He also opined that when he first saw Hamilton in the minors, his (natural) right-handed swing looked better than his left.
Hamilton has actually put up better numbers from the left side, but the sample sizes aren’t really comparable.
I thought Billy's thoughts on that matter were sort of strange:
"I know if I just did one and really worked at that one side, I'd be a way better hitter than I am," Hamilton said. "But it's just something that I really haven't talked to them about. I feel like if it keeps going the way it's going, I'm going to have to be a man and tell them that I really want to focus on just one."
If everyone, including Hamilton, sort of thinks he shouldn’t keep switch-hitting, shouldn’t he stop switch-hitting?
He’s hitting .193, so he almost literally couldn’t be worse.
Is this really that hard?
I guess it’s just another example of how this team has badly mismanaged Hamilton nearly from the start.
After he became a star in the minors, they rushed him up even though he needed more time to hone his stroke and his batter’s eye.
There’s no doubt that had a negative effect on his development, but because of various other failures at the big-league and minor-league levels, the Reds had an overwhelming need at the position he plays.
So they retarded his development by having him learn to switch-hit, then they called him up before he had mastered that challenge.
It seemed like a big risk then, and, guess what? It hasn’t worked.
To make matters worse since then, they have failed to put enough good players around him to prevent him from having to be the catalyst he hasn’t proven he can consistently be.
Good job, guys.
Fair or not, Hamilton may end up being the face of this era of Reds baseball.
You’ll probably say that should be Joey Votto, but it’s hard for him to represent the team when he is so good and it is so bad. Besides, he’s more one of the pillars of the previous era when they were, you know. winners.
Hamilton represents this so-far-failed rebuild well because their failures seem to be fairly co-dependent.
If he were better, the team would be a lot better.
If the team around him were better, it would be easier to admire his strengths and live with his weaknesses. There would be less pressure on him in that case, too, and I bet that would lead to even more production.
If Hamilton ever figures it out, will it be too late?
Or will it be in a new uniform?
Hamilton’s heroics were enough Sunday because Anthony DeSclafani had a better second start than his first after coming off the disabled list.
The righty allowed 10 hits in five innings, but he battled through it to keep his team in position to win.
Then the bullpen turned in its customary strong support, recording four scoreless innings even without Raisel Iglesias…
The NBA Finals mercifully came to an end Friday night with the Golden State Warriors’ beating the Cleveland Cavaliers 105-85.
This was the equivalent of the 5 p.m.-Friday news dump, saving the world from as many terrible hot takes as there would have been if the series ended on just about any other night of the week.
(I’m sure there were plenty of terrible hot takes, but ignoring them is easier on the weekend, too.)
The bottom line with this series is the Warriors were just too good for the Cavaliers to beat.
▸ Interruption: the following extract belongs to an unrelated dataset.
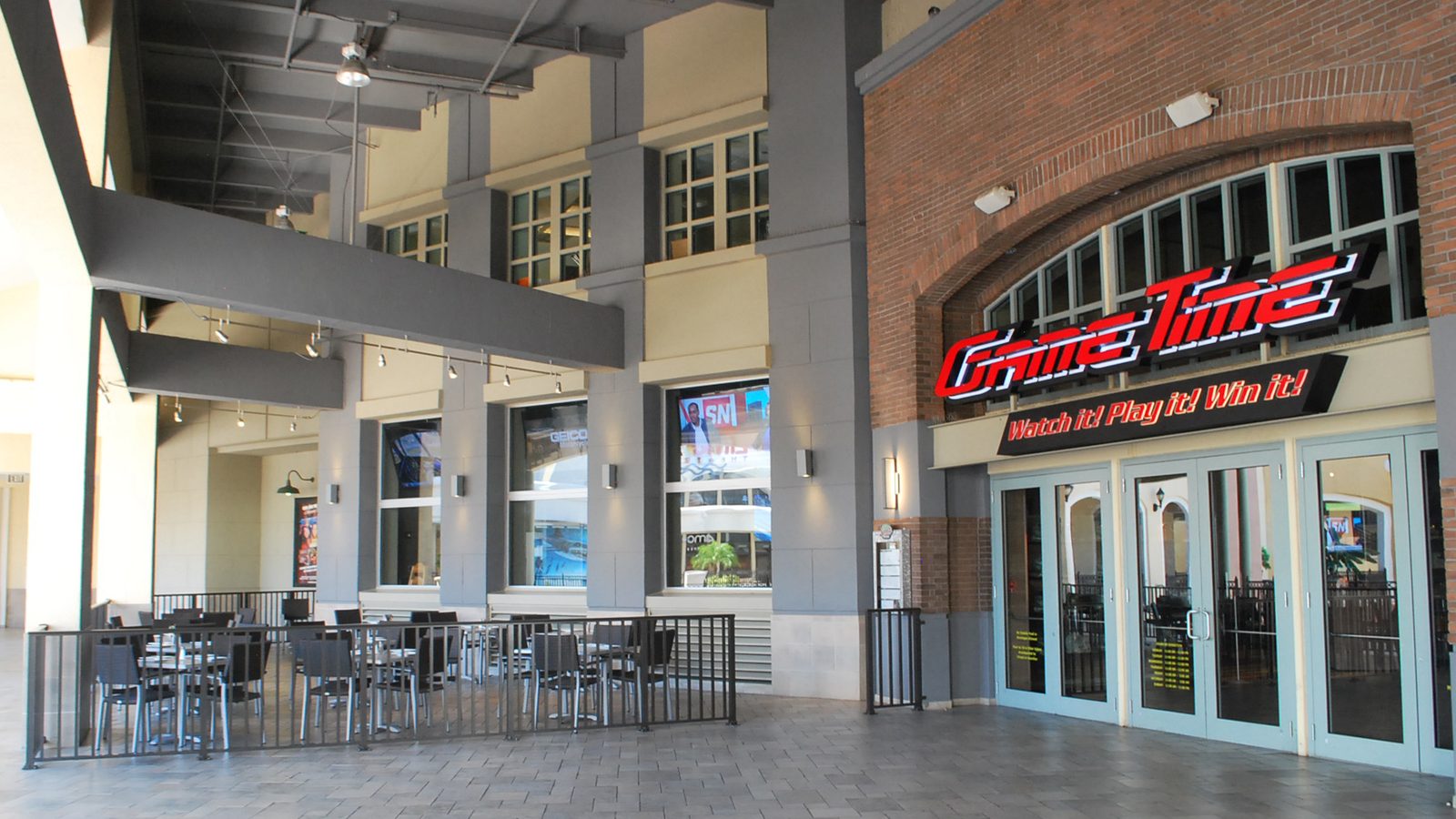 The outside of GameTime Miami: a brick arch with the red GameTime sign over the glass doors, patio tables under the covered walkway beside it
Cleveland wasn’t the tire fire it was made out to be, but it did not have the horses to keep up with a great team like the Warriors, which won all four games despite only bringing out the Super Mario Bros. invincibility star a couple of times.
I don’t think that excuses the Cavs for quitting on LeBron James at the end, but again this is where the timing of Game 4 probably helped them skate because most commentators would rather speculate on what’s next for James than examine why his teammates don’t seem to elevate their play around him as much as we’re lead to believe.
As for LeBron’s future, here’s something to keep in mind about what promises to be a ridiculous summer of speculation regarding what LeBron does next:
Almost everyone who has anything to say about his future literally cannot imagine why anyone would want to live in Ohio, so their default position is he would rather be anywhere else.
(That means they will give too much credibility to whatever rumors they hear about him going somewhere else even if they don’t really make sense.)
I tend to think the opposite is true. Even when he went to Miami, I don’t think that was his first choice. It was the one he made because it was the easiest way to cheat the team-building process and warp forward to potential NBA champion — but only after he couldn’t get anyone else to join him in Cleveland.
LeBron has his foibles, but he loves Ohio, and he has been great for the community.
I am certainly not going to guarantee he returns to the Cavaliers next season, but I would give Cleveland the best odds of retaining him because I don’t think a clearly better basketball situation is going to arise anywhere else…
Regardless of where the world’s best player is suiting up next season, basketball will go on.
Dayton will be a part of the story (thanks to the First Four), but can the Flyers join the city in the March headlines after a down year?
Obadiah Toppin might end up being a key factor.
He has an intriguing mix of size and athleticism. If he can make shots, he could be a big matchup problem in the Atlantic 10, a great complement to the talented young guards on the perimeter and Josh Cunningham in the post.
The Flyers women’s team also could get a big boost from a player who sat out last season.
A four-star recruit when she signed with Syracuse three years ago, Julia Chandler brings an intriguing mix of size and skill along with experience playing for the Orange and the Canadian National Team.